Como en todas las películas recientes de James Bond, el tema principal de Spectre (2015) es el anacronismo del espía en un mundo digital. En esa preocupación se establece una paradoja: espiar y matar es correcto, siempre y cuando lo haga un ser humano; cuando el oficio se le encarga a las máquinas, ya sean drones o sistemas de vigilancia, se está ante un dilema moral. M (Ralph Fiennes), aterrado de las nuevas formas de la inteligencia militar, sentencia: “Es la pesadilla de George Orwell”. Se estima que en la realidad hay cerca de 1.5 millones de cámaras de vigilancia en Gran Bretaña, pero a M eso no le recuerda a 1984.
El realismo en una cinta de Bond no es una preocupación para el director Sam Mendes, como tampoco lo ha sido para tantos otros. Ignoro por qué alguien creería realista el retrato de un espía inmortal, elegante y seductor sólo porque, desde que Daniel Craig asumió el rol, tiene biografía y proclividad al trauma. También ignoro por qué alguien se quejaría de que en su nueva cinta Bond y sus aventuras son tan inverosímiles como siempre lo habían sido.

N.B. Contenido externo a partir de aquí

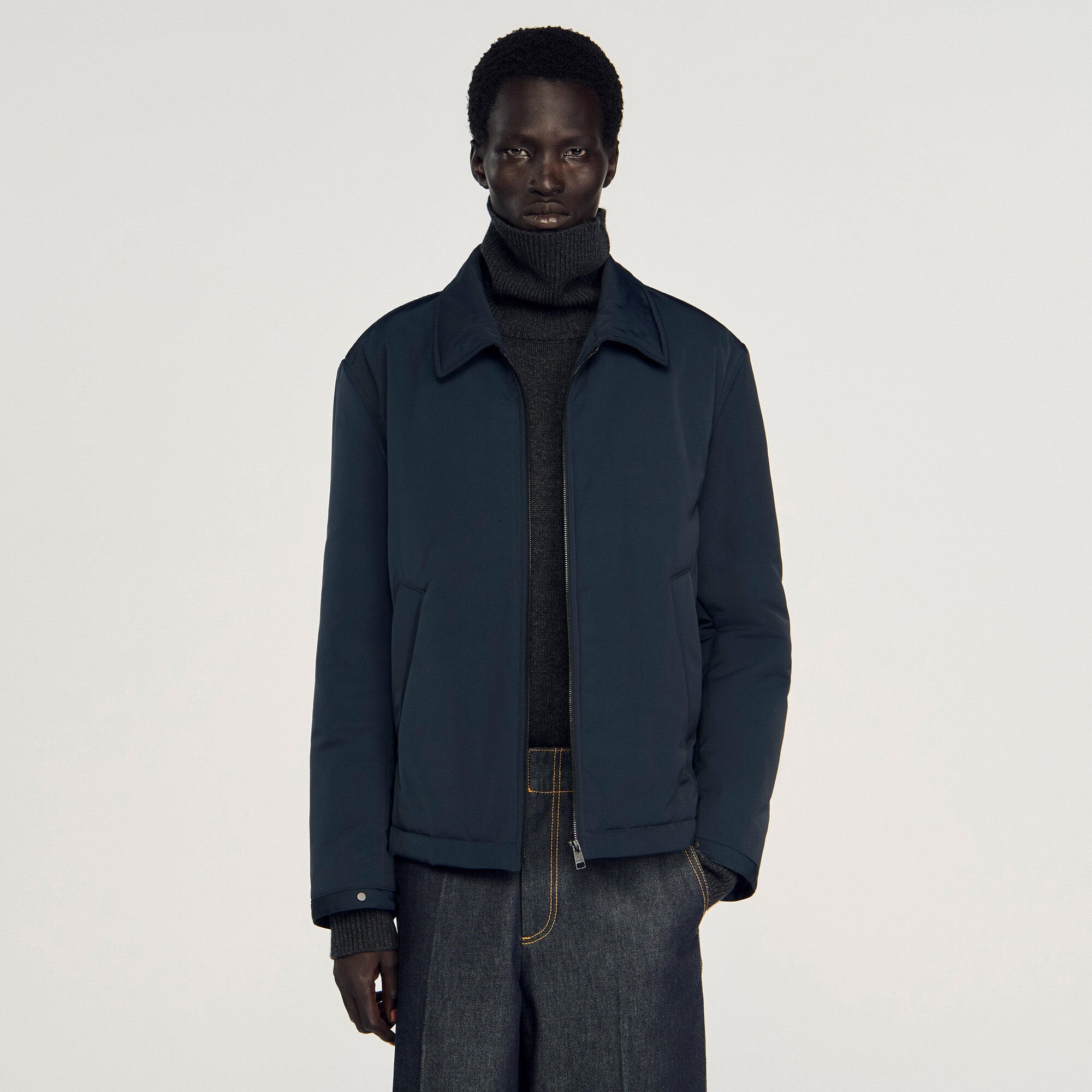 Sandro / Quilted zip-up jacket Navy Blue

No vemos Spectre para pensar, ni siquiera la vemos para ponernos tensos —ya sabemos que Bond va a vencer—; la vemos para abandonar la realidad en una extensa fantasía sexual donde la muerte no perturba: excita. “¿Qué hacemos ahora?”, le pregunta Madeleine Swann (Léa Seydoux) a Bond después de matar a un villano. Se van a la cama. La realidad de Bond se ciñe a la de nuestros deseos, o al menos así era todavía cuando el sarcástico Pierce Brosnan interpretó al personaje. Con la parquedad de Daniel Craig se introdujo a la franquicia la obsesión por el realismo, incoherente y contradictoria dentro del ya absurdo universo de Bond. Como si respondiera a ello, Spectre es un regreso al mundo de lo imposible donde los sueños dictan la lógica.